● **Work required**: In the listing below, find the line that contains "Traditional Ganga water" and the line that contains "Shop - Studio". Quote both and every line between them, exactly, and nothing more.

** Input data follows **

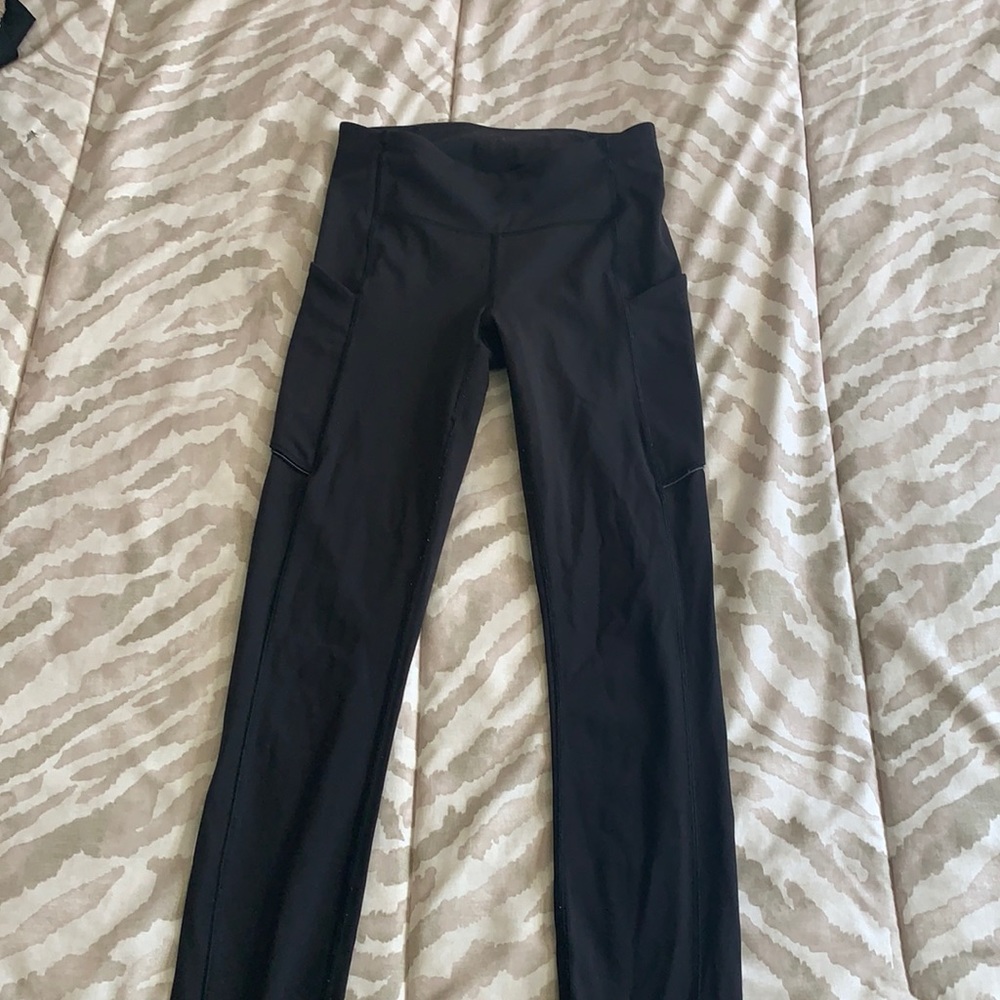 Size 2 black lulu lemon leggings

** End of Input data **
** Input data follows **

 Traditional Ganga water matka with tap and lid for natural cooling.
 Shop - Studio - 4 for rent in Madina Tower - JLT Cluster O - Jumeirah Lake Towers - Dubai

** End of Input data **

● **Exercise result**:
 Traditional Ganga water matka with tap and lid for natural cooling.
 Shop - Studio - 4 for rent in Madina Tower - JLT Cluster O - Jumeirah Lake Towers - Dubai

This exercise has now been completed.